Me hago un ovillo sobre cuatro losetas sombreadas a la puerta de la casa-museo, y al cabo expiro un humo que se mezcla con el sopor tórrido y dulzón de León. Se contagia en su densidad y se adhiere a mi cabello, se niega a abandonarme. Allí solo pienso que, del mismo modo a como sucede con la mayoría de grandes genios, a uno y a otro, a Alfonso y a Rubén, se los llevaron por delante la locura y el alcohol. Era su destino. Y además es que, siendo honesto, es imposible imaginar un lugar donde la demencia y las resacas casen mejor, un lugar donde ambas puedan ser tan poderosas y jodidas como en este lugar donde cada alborada se paga a cuarenta grados.
“Cortaba el poeta con sus manos racimos de estrellas”, reza la placa conmemorativa del lugar de nacimiento de Rubén Darío. En ello pienso cuando entro en la catedral y me sitúo ante la tumba del poeta. Es un león inmaculado el que guarda el sepulcro, con expresión partida de dolor, al borde del llanto. El silencio solo se rompe con murmullos acelerados aquí o allá, y el león, ajeno, nunca deja de gemir su lamento desolado. Aquí yace un genio, y justo a su lado, como en vida, lo hace Alfonso Cortés. La tumba de otra poeta, más modesta pero no menos intensa, quedó en un pueblo de Burgos. Pero de repente se me aparece aquí con su lápida jaspeada, y se ilumina una “casa de espíritus” de madera de teca que la honra.
Ni la muerte los ha podido separar.
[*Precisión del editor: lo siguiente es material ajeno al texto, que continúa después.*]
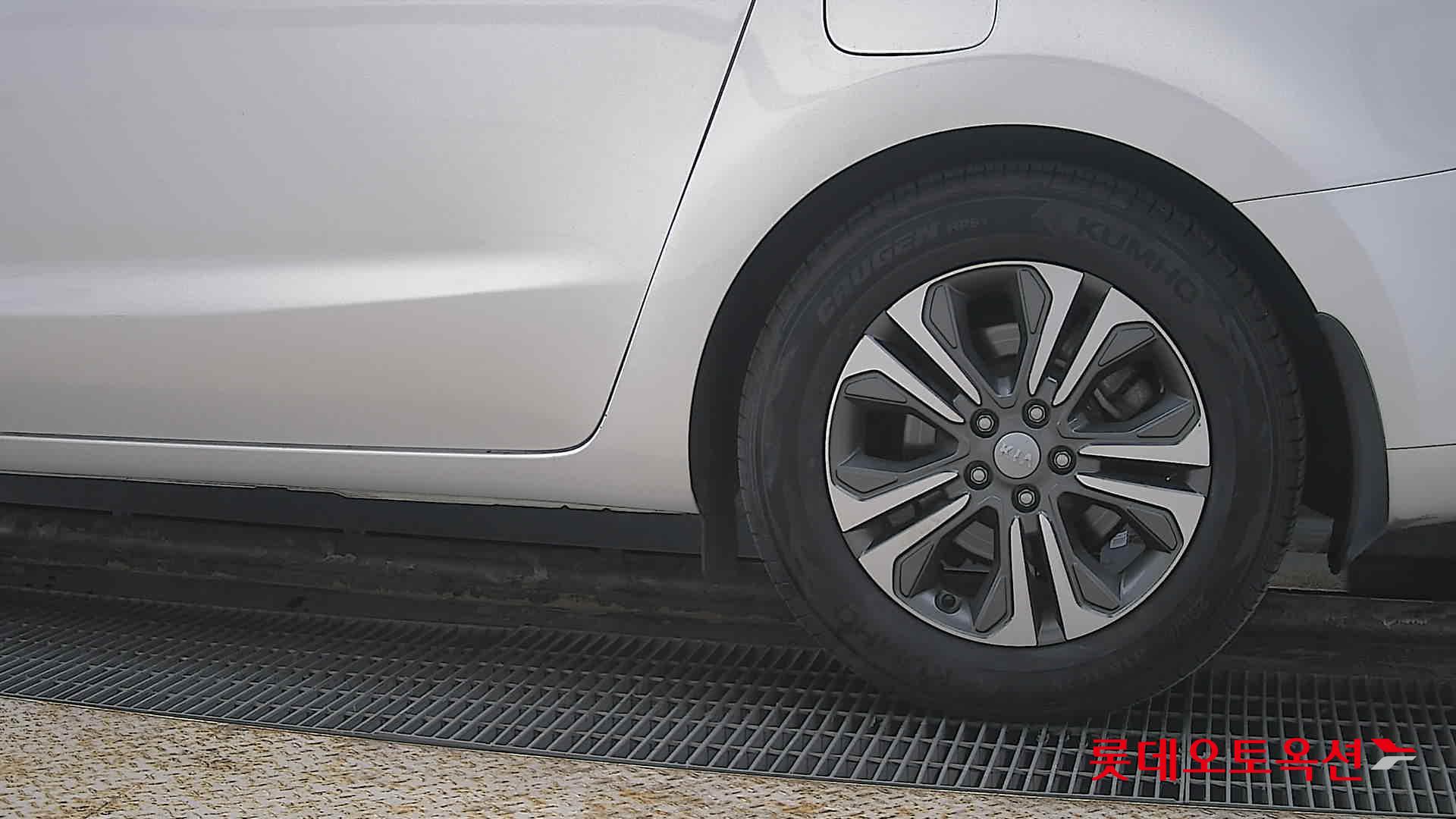 Kia Carnival id 3803752 из Кореи 22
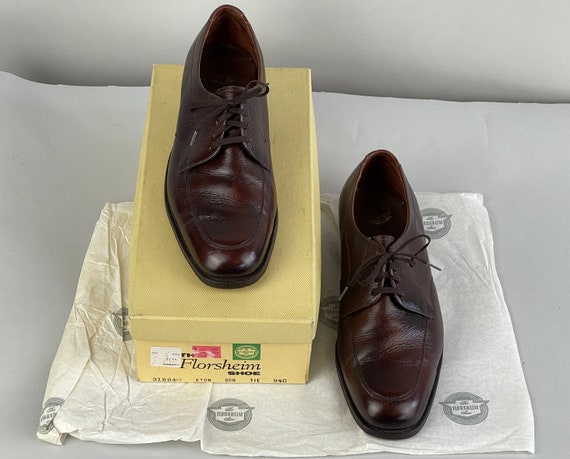 1960s Sporty Florsheim Shoes | Vintage 60s Leather Pecan Brown Apron Toe Eton Oxfords New In Box Deadstock NIB  | Size US 9.5  9&1/2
Estos caminan juntos por el sendero amargo de las emociones inmortales, uno borracho, otro pirado, y paran, de tanto en tanto, para agacharse sobre algo que no distingo. Un poco por detrás, siguiendo su estela, no he de esforzarme mucho para ver una figura que eres tú, mamá. ¿Qué andáis buscando ahí, mamá? Me miras con dulzura y abres las manos. Sí, ya sé, cortáis flores con vuestras manos, cortáis desgarros y ensoñaciones, cortáis racimos de estrellas. Versos que son racimos de estrellas, solo con vuestras manos.